(Records shown):
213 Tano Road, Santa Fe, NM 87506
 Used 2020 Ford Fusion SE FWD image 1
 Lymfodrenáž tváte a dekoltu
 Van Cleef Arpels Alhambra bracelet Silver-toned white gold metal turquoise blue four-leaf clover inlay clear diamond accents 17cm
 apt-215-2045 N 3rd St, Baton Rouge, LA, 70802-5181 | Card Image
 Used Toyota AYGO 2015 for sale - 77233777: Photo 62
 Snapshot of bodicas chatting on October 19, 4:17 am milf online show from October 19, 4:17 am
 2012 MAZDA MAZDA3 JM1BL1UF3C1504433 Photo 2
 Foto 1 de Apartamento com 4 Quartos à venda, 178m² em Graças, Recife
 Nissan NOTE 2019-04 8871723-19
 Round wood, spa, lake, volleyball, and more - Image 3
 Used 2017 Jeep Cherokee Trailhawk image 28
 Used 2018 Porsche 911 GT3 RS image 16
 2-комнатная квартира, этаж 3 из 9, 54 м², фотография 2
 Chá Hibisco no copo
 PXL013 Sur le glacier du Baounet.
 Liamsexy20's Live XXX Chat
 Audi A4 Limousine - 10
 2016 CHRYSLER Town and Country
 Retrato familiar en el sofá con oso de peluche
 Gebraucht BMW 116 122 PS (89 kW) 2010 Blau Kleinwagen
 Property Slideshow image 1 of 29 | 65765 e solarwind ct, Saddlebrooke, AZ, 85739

(Problem details): Using the entries above, quote each line verbatim from the first through the line that contains "2016 CHRYSLER Town and Country".

(Completed exercise):
213 Tano Road, Santa Fe, NM 87506
 Used 2020 Ford Fusion SE FWD image 1
 Lymfodrenáž tváte a dekoltu
 Van Cleef Arpels Alhambra bracelet Silver-toned white gold metal turquoise blue four-leaf clover inlay clear diamond accents 17cm
 apt-215-2045 N 3rd St, Baton Rouge, LA, 70802-5181 | Card Image
 Used Toyota AYGO 2015 for sale - 77233777: Photo 62
 Snapshot of bodicas chatting on October 19, 4:17 am milf online show from October 19, 4:17 am
 2012 MAZDA MAZDA3 JM1BL1UF3C1504433 Photo 2
 Foto 1 de Apartamento com 4 Quartos à venda, 178m² em Graças, Recife
 Nissan NOTE 2019-04 8871723-19
 Round wood, spa, lake, volleyball, and more - Image 3
 Used 2017 Jeep Cherokee Trailhawk image 28
 Used 2018 Porsche 911 GT3 RS image 16
 2-комнатная квартира, этаж 3 из 9, 54 м², фотография 2
 Chá Hibisco no copo
 PXL013 Sur le glacier du Baounet.
 Liamsexy20's Live XXX Chat
 Audi A4 Limousine - 10
 2016 CHRYSLER Town and Country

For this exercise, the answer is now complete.